Le défaut majeur de ce métrage est, paradoxalement, son aspect trop littéraire. La voix off présente à l’excès, le principe du flashback explicatif, la dissertation/confession ordonnée par un Melvil Poupaud impeccable en prof de lettres aussi attentif qu’ambiguë… Dans le sujet comme dans le traitement, c’est la communication qui pèche, entre parents et enfant et avec les autorités. L’enjeu pour Alexis est de trouver les mots pour dire ce qu’il ressent, de gré ou de force.
Incapable de parler, il se voit obligé de s’expliquer par écrit avec la lourde symbolique de la machine à écrire. Le poids de l’objet, le poids des mots, le poids des sentiments, de la culpabilité… Il doit s’expliquer, mais quelle faute a t’il commise ? Le spectateur le comprendra au fil de l’histoire via un mensonge par omission sur lequel Ozon ouvre volontairement son film. Le titre du roman Dancing on my grave d’Aidan Chambers, si cher au réalisateur, donne bien sûr la clé du mystère. Alex a dù choisir entre respecter une loi édictée pour tous et une promesse faite à son amant.
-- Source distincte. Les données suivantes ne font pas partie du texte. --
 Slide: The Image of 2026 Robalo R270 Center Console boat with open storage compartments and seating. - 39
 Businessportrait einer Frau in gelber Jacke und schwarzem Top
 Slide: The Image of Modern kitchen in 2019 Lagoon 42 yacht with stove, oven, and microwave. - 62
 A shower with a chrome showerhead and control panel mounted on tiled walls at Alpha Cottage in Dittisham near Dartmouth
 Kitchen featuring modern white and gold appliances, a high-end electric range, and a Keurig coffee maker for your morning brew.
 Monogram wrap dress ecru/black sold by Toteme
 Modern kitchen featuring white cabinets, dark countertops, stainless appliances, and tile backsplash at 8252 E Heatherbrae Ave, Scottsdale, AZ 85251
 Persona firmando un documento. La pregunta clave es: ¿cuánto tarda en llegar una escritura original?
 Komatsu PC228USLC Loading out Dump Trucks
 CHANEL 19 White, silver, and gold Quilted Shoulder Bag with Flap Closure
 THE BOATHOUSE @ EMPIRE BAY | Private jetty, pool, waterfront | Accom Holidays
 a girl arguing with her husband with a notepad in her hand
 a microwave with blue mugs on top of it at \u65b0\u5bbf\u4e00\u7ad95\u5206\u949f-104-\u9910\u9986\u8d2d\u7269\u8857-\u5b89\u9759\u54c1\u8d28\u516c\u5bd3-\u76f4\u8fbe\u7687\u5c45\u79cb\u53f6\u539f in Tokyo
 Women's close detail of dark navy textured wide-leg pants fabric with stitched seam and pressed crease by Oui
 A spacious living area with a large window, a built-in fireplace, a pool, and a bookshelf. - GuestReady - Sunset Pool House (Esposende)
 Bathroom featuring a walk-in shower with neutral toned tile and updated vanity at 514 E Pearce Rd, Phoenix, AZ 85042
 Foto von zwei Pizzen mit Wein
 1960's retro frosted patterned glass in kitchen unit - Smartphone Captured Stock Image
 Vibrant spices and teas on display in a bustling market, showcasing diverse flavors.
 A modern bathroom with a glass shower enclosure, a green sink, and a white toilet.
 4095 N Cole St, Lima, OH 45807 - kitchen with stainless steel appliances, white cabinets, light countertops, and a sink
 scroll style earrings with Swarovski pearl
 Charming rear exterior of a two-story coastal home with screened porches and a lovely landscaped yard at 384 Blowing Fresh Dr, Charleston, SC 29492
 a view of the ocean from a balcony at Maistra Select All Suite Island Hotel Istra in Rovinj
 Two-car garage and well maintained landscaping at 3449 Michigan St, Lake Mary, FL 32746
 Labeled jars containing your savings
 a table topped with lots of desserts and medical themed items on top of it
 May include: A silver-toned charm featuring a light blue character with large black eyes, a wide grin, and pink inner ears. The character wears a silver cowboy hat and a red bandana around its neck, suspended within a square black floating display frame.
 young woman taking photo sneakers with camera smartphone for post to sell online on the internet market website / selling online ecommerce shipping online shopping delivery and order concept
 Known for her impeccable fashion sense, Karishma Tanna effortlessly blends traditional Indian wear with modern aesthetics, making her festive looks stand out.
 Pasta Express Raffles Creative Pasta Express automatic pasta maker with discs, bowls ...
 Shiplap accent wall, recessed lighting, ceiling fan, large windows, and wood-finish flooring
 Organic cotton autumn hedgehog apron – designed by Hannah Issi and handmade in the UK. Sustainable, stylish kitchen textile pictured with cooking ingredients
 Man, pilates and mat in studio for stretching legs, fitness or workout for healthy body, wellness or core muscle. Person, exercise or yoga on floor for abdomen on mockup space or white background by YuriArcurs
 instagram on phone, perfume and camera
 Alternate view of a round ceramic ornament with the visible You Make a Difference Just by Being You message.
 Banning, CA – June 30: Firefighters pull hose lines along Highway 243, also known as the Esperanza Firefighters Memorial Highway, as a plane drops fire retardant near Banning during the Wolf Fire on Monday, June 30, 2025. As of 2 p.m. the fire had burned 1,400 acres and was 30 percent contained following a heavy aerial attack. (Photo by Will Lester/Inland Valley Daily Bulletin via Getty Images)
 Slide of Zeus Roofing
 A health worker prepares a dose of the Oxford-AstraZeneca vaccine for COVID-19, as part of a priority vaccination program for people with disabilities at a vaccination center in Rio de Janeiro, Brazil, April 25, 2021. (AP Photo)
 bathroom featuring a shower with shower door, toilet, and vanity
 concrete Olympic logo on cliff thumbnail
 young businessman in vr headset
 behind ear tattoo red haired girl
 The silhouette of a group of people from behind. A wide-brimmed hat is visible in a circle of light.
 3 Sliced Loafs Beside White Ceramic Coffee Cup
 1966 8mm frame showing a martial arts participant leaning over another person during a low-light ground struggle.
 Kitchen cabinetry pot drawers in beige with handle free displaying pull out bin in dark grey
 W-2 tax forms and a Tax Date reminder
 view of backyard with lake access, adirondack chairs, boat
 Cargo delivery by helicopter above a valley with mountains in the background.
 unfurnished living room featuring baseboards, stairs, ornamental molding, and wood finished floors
La justice, en exigeant de comprendre cet acte d’amour, s’immisce dans l’intimité des deux jeunes gens, leur vole leur histoire. Comme si le monde des adultes, à l’instar du père de l’adolescent, lui refusait toute individualité, violait sa psyché pour voiler sa propre étroitesse d’esprit. Ozon offre ainsi un très beau film sur les premières amours, la découverte de la sexualité, mais s’il semble intimidé par l’oeuvre originale.
Muriel Cinque
Excellent compte rendu d’un film que je découvre ce soir.
Merci et Bravo.
Benjamin Voisin a encore fait un bout de chemin depuis.
Hâte de découvrir ses nouveaux projets.